The majority reviews defendant's arguments under the plain error doctrine. See 134 Ill. 2d R. 615(a). Plain error is a limited and narrow exception to the general waiver rule, to be invoked only where the evidence is closely balanced, or the alleged error is so substantial that it deprived the defendant of a fair trial. People v. Bull, 185 Ill. 2d 179, 200 (1998). In the present case, the evidence of defendant's guilt is overwhelming. Further, defendant does not contend in this court that the evidence was insufficient to prove his guilt beyond a reasonable doubt. See People v. Jackson, 84 Ill. 2d 350, 360 (1981). Consequently, application of the plain error doctrine must rest upon the deprivation of a substantial right.

The majority considers the alleged errors in light of this standard. The majority holds that defendant's appearances via closed circuit television at arraignment and at jury waiver did not render those proceedings unconstitutional. The majority also holds that defendant was not deprived of a substantial right because of the circuit court's failure to adopt rules governing the use of close circuit television. *fn5

Our legislature has defined arraignment as "the formal act of calling the defendant into open court, informing him of the offense with which he is charged, and asking him whether he is guilty or not guilty." 725 ILCS 5/102-4 (West 1998). Our legislature has also provided that"[b]efore any person is tried for the commission of an offense he shall be called into open court, informed of the charge against him, and called upon to plead thereto." 725 ILCS 5/113-1 (West 1998). Thus, our legislature seems to require a defendant's presence in court at arraignment. Likewise, our legislature has provided that every person accused of an offense shall have the right to a trial by jury unless understandingly waived by the defendant in open court. 725 ILCS 5/103-6 (West 1998). Again, our legislature seems to require a defendant's presence in court whenever the defendant waives trial by jury. *fn6

This court has heretofore recognized that a defendant's presence in open court is required at a jury waiver. People v. Scott, 186 Ill. 2d 283 (1999); People v. Smith, 106 Ill. 2d 327 (1985). In Scott, 186 Ill. 2d 283, this court considered whether a written waiver alone validly waives a defendant's right to a jury trial.

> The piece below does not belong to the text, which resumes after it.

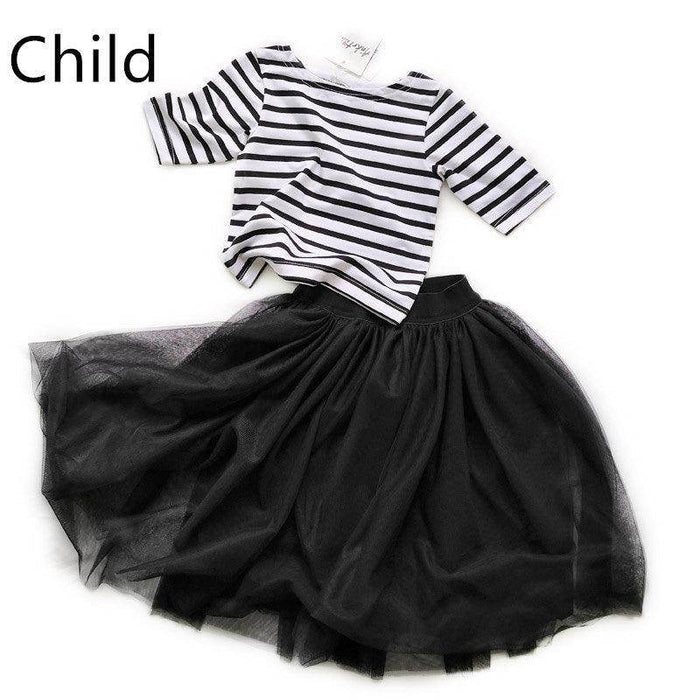 Two-piece dress for children - Magellan Fashion Shop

The defendant had executed a written jury waiver in his attorney's office, which stated that the defendant had until the last Thursday of December 1994 to revoke the waiver. Subsequently, the written jury waiver was filed in court outside of the defendant's presence. On the day of trial, in the defendant's presence, defense counsel and the court each indicated that the trial would be a bench trial. The defendant did not object.

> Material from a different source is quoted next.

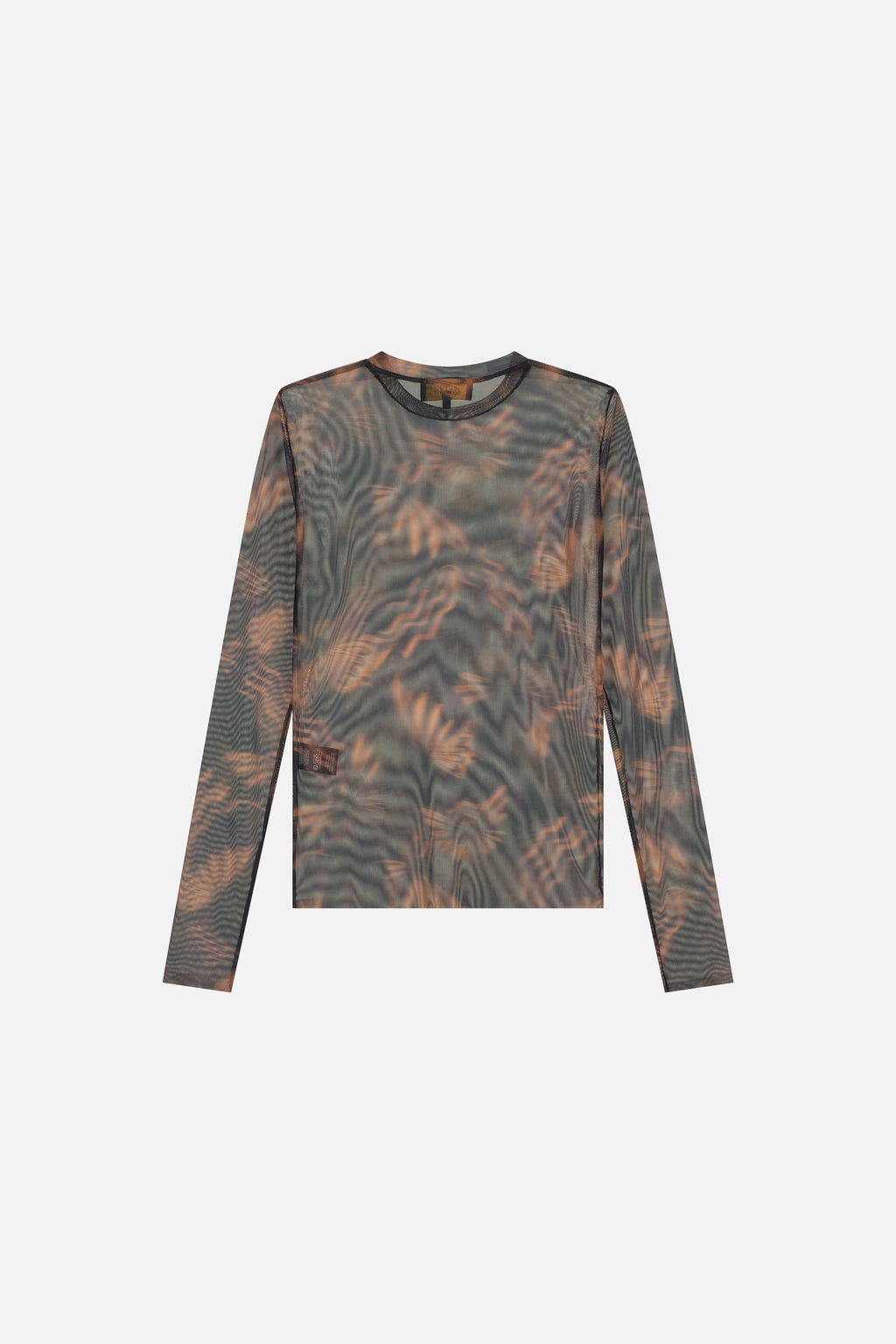 BUTTERFLY MESH T-SHIRT WOMEN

Initially, this court noted that section 103-6 provides that a bench trial may be held if the right to trial by jury is understandingly waived by defendant in open court. Thus, a waiver of the right to a jury trial is valid only if made (1) understandingly and (2) in open court. Next, this court noted that it had never found a valid jury waiver where the defendant was not present in open court when a jury waiver, written or otherwise, was at least discussed. Pointing to the statement in the jury waiver regarding revocation, this court stated that the language created the inference that the jury waiver was irrevocable after the last Thursday of December 1994. The defendant's silence in court at the mention of a bench trial may have been due to his belief that it was too late to revoke the jury waiver. This court refused to hold that the defendant's silence constituted acquiescence in the jury waiver. Instead, this court concluded that the defendant did not validly waive his right to a jury trial in open court. Accordingly, this court affirmed the judgment of the appellate court, reversing the judgment of the circuit court, and remanded the cause for a new trial. See also Smith, 106 Ill. 2d at 334 (consistent with constitutional jury trial provisions, section 103-6 provides that a jury waiver must be made in open court).

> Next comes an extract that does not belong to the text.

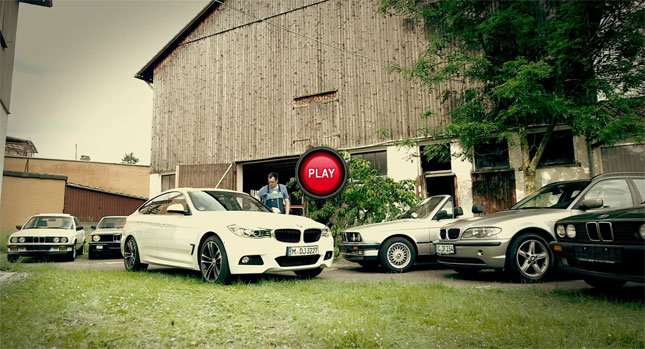  This Man Has One of the Largest Collections of 3-Series BMWs in the World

In this case, however, the majority eschews the requirement of physical presence at arraignment and at jury waiver. The majority explains:

"[T]he Illinois legislature has expressed a willingness to allow closed circuit television appearances as a substitute for in-court appearances. In section 106D-1(a) of the Code, it states that `[w]hen a defendant's personal appearance is not required by the Constitution of the United States or Illinois Constitution, the court may allow the defendant to personally appear at any pre- trial or post-trial proceeding by way of closed circuit television when: (a) the court has authorized the use of closed circuit television and has by rule or order set out the type of proceedings that may be conducted by closed circuit television ***.' [Citation.] Thus, a strict construction of the `open court' language found in sections 103-6 and 113-1 as excluding closed circuit television appearances is not warranted. Construing the provisions of sections 103-6 and 113-1 in pari materia with section 106D-1, we discern the legislature's intent to interpret the `open court' language broadly to include appearances by closed circuit television." Slip op. at 15-16.

While it is true that section 106D-1 contemplates the use of closed circuit television at pretrial proceedings, it is equally true that our legislature has imposed certain requirements on the use of closed circuit television at pretrial proceedings. Section 106D-1 shows clearly that the legislature intended to protect the rights of the defendant, and placed a charge upon the judiciary to implement rules regulating the use of closed circuit television. Our legislature's expressed willingness to allow the use of closed circuit television is, therefore, entirely contingent upon the judicial implementation of rules governing the use of closed circuit television.

In the case at bar, the circuit court did not properly safeguard defendant's rights. In spite of the legislature's command to implement rules securing the rights of this and other defendants, the circuit court failed to adopt any rules regulating the use of closed circuit television. As the record clarifies, the circuit court's failure to implement the requisite rules impacted negatively upon defendant's ability to communicate spontaneously and completely with defense counsel. Whenever he needed to communicate with counsel, defendant had to interrupt the court proceedings and ask the court's permission to do so. The court did not have a dedicated telephone line for private communication in the courtroom between defendant and defense counsel. Instead, the court instructed defendant to go to a telephone and await a call from counsel. *fn7 In one instance, the court told defendant:

"Why don't you go over and wait by the phone. When he gets a break here, he'll give you a call."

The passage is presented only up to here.